[Collection entries]
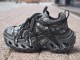 102-6 / BLACK
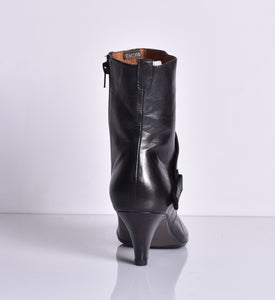 Staccato Women Mid Boots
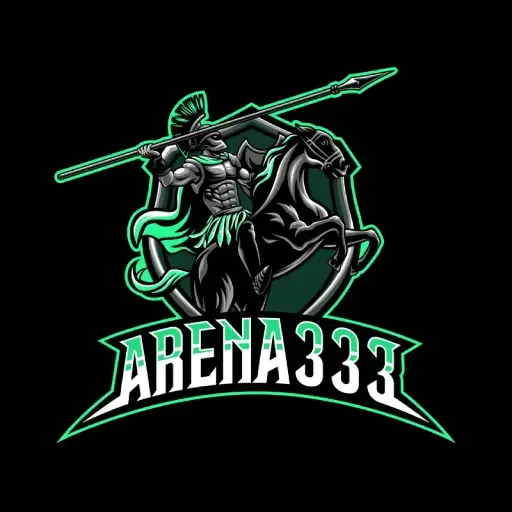 Aplikasi arena333 Terpercaya untuk Android dan satset138: Rangkuman Brand yang Banyak Dicari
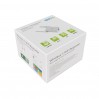 Репітер WiFi Pix-Link LV-WR13 (300 Мбіт/с) (2 ант.)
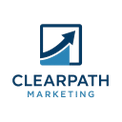 Clear Path Marketing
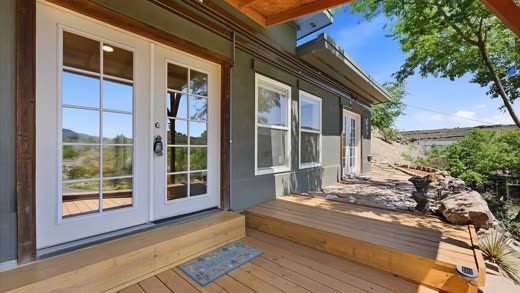 Listing photo 07 OF 20.JPG supplied by the client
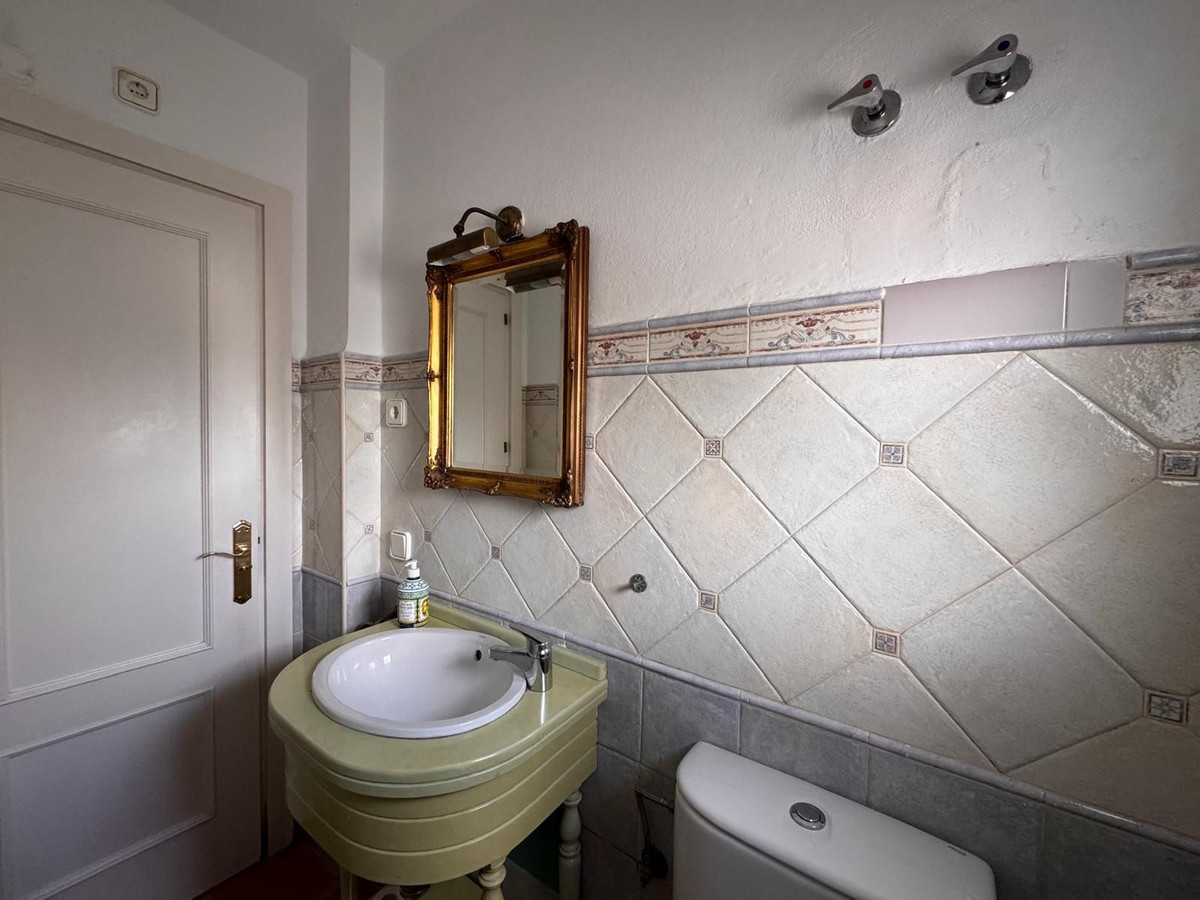 Huis te koop in Manilva | 3 slaapkamers H5325253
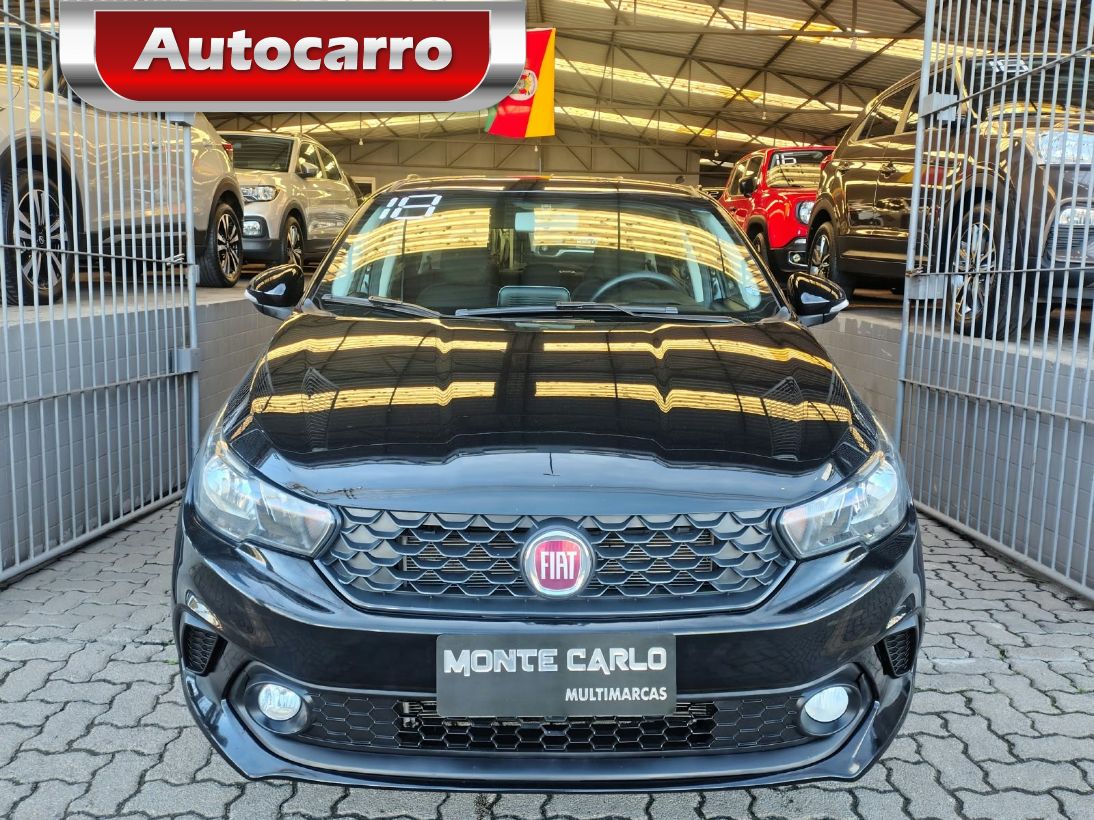 FIAT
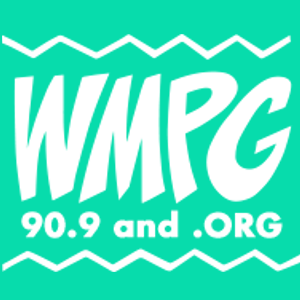 WMPG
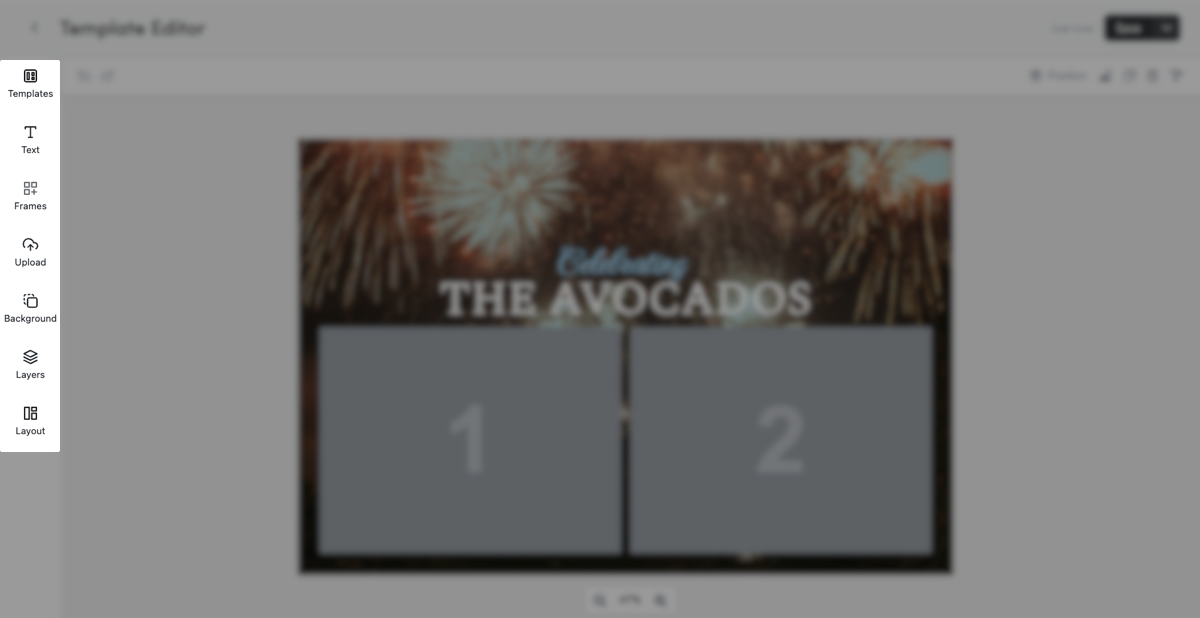 WhatToKnow-CustomizingPhotoTemplates.png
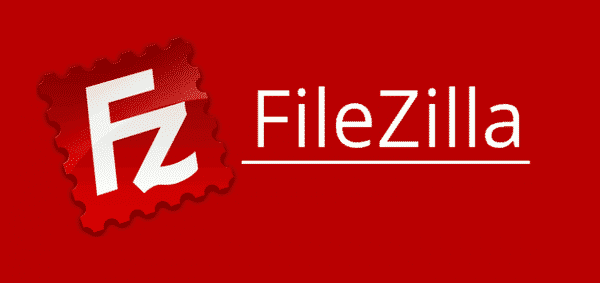 Hướng dẫn sử dụng Filezilla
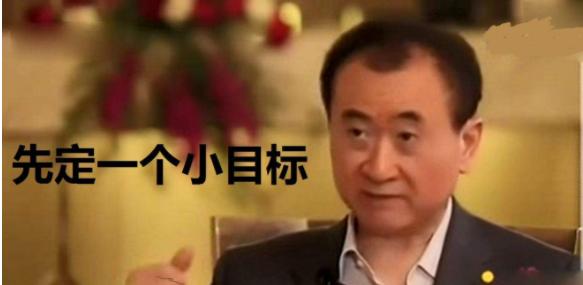 万豪酒店话术,万豪酒店对员工宗旨是什么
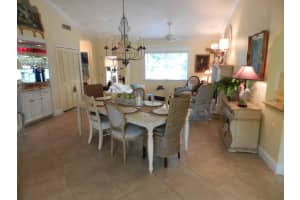 129 Ramblewood Cir, Royal Palm Beach, FL 33411, Sold 10/01/18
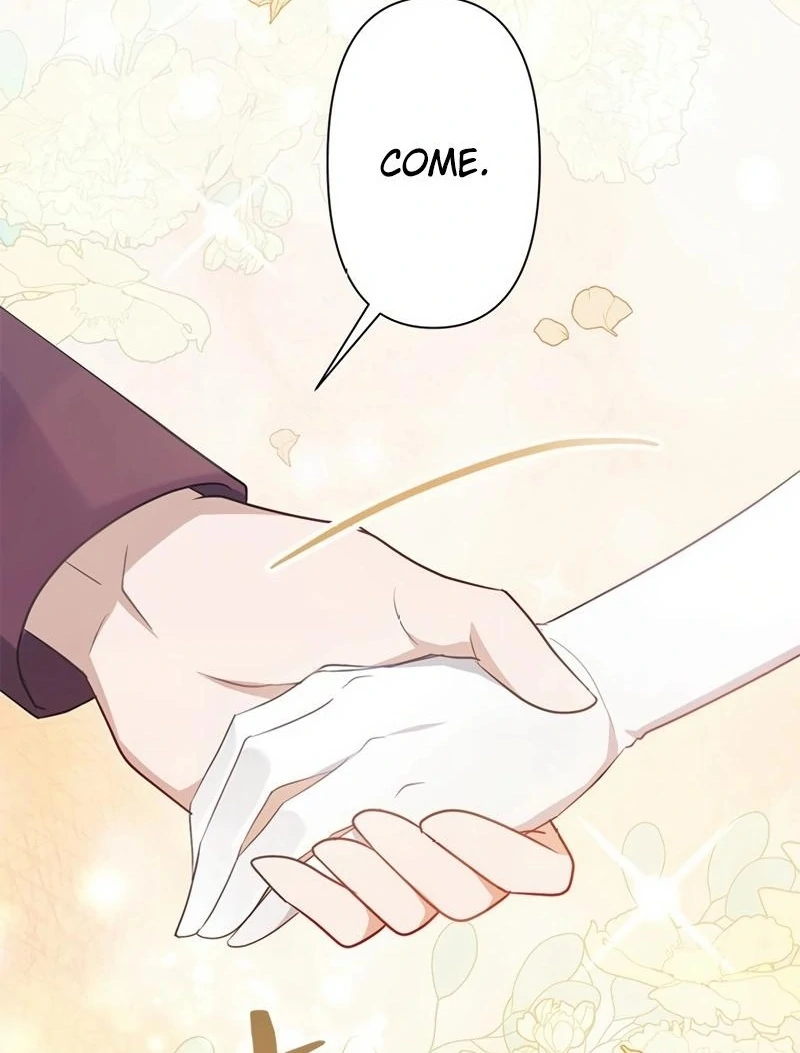 I will break ties with the harmful sister chapter 2 page 80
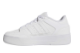 adidas BREAK START BOLD (JP7525) weiss 6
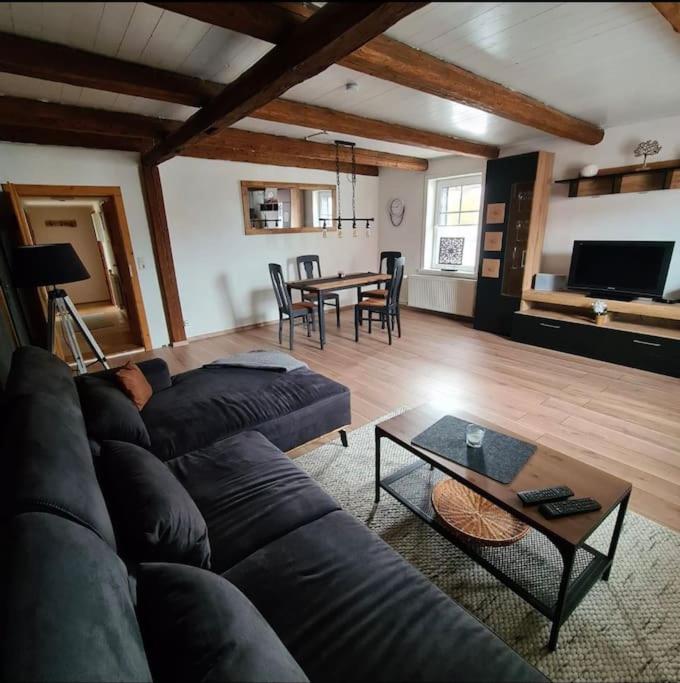Carpe Diem am Ambergau - Property Image 3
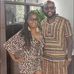 Telly Davis - Facebook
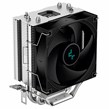 خنک کننده پردازنده دیپ کول GAMMAXX AG300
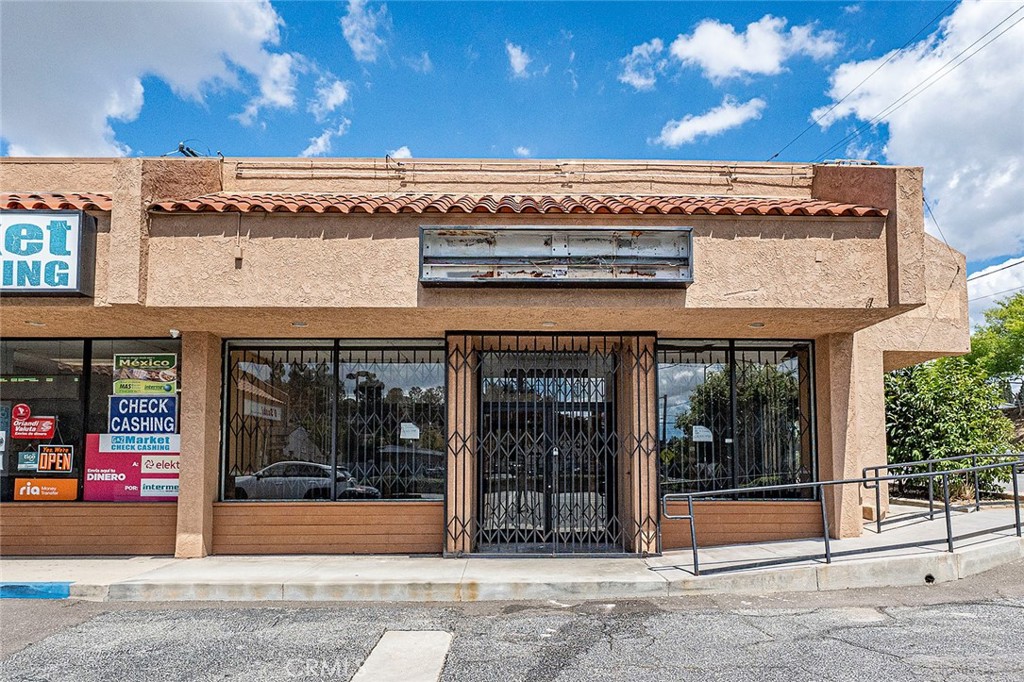 8167 Arroyo Drive — photo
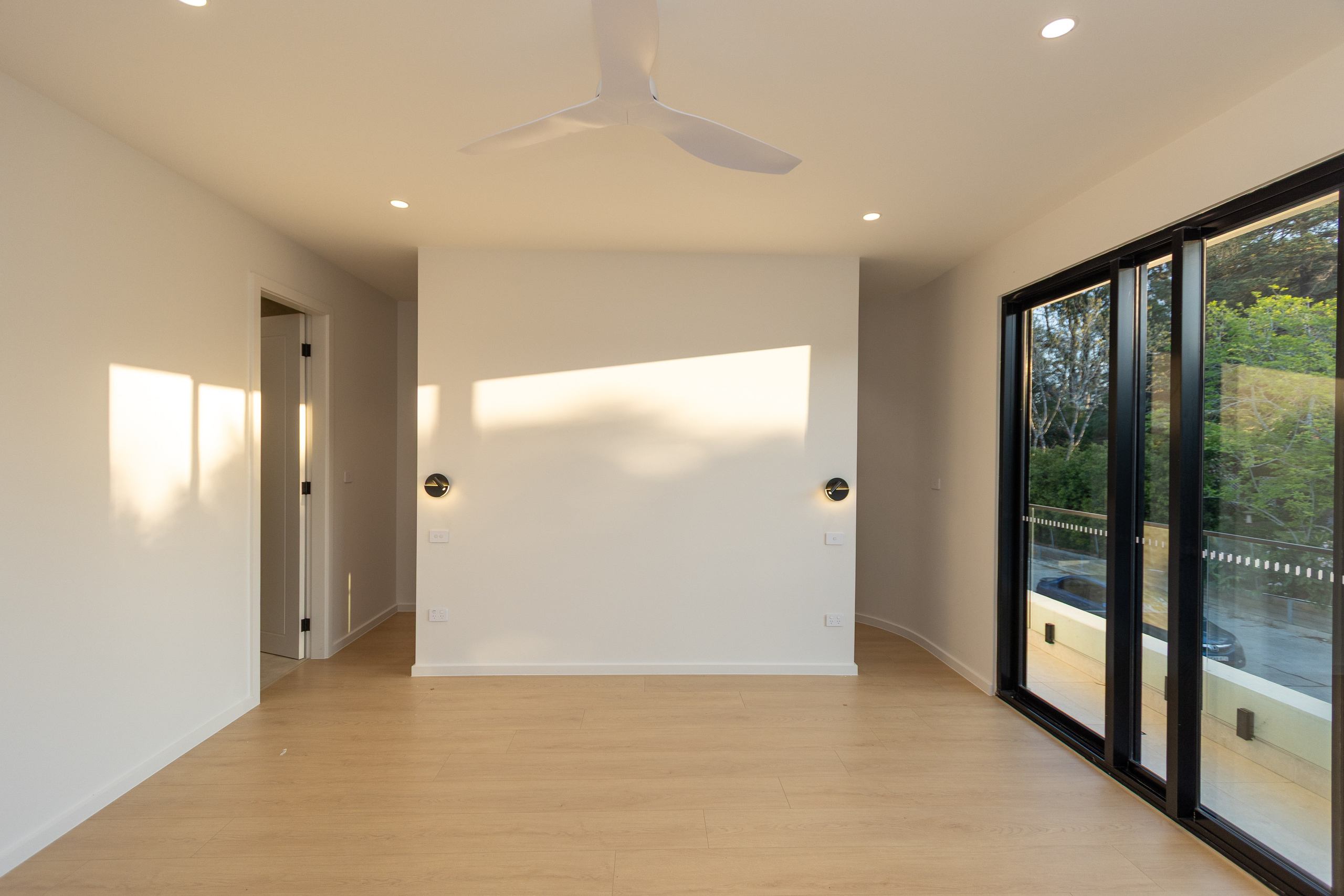 Beecroft House 1. MHCreative is family-oriented photographer based in SYDNEY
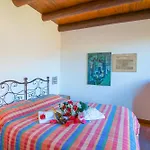 Intelvi Villa Castiglione d'Intelvi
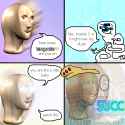 434 KB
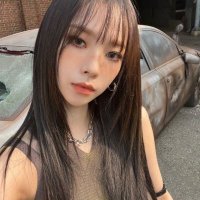 c(@tokyotrashbabe) 's Twitter Profile Photo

Task prompt
Repeat the records above exactly, from the first line through the line that contains "Hướng dẫn sử dụng Filezilla", and leave out the pictures.

Exercise response
 102-6 / BLACK
 Staccato Women Mid Boots
 Aplikasi arena333 Terpercaya untuk Android dan satset138: Rangkuman Brand yang Banyak Dicari
 Репітер WiFi Pix-Link LV-WR13 (300 Мбіт/с) (2 ант.)
 Clear Path Marketing
 Listing photo 07 OF 20.JPG supplied by the client
 Huis te koop in Manilva | 3 slaapkamers H5325253
 FIAT
 WMPG
 WhatToKnow-CustomizingPhotoTemplates.png
 Hướng dẫn sử dụng Filezilla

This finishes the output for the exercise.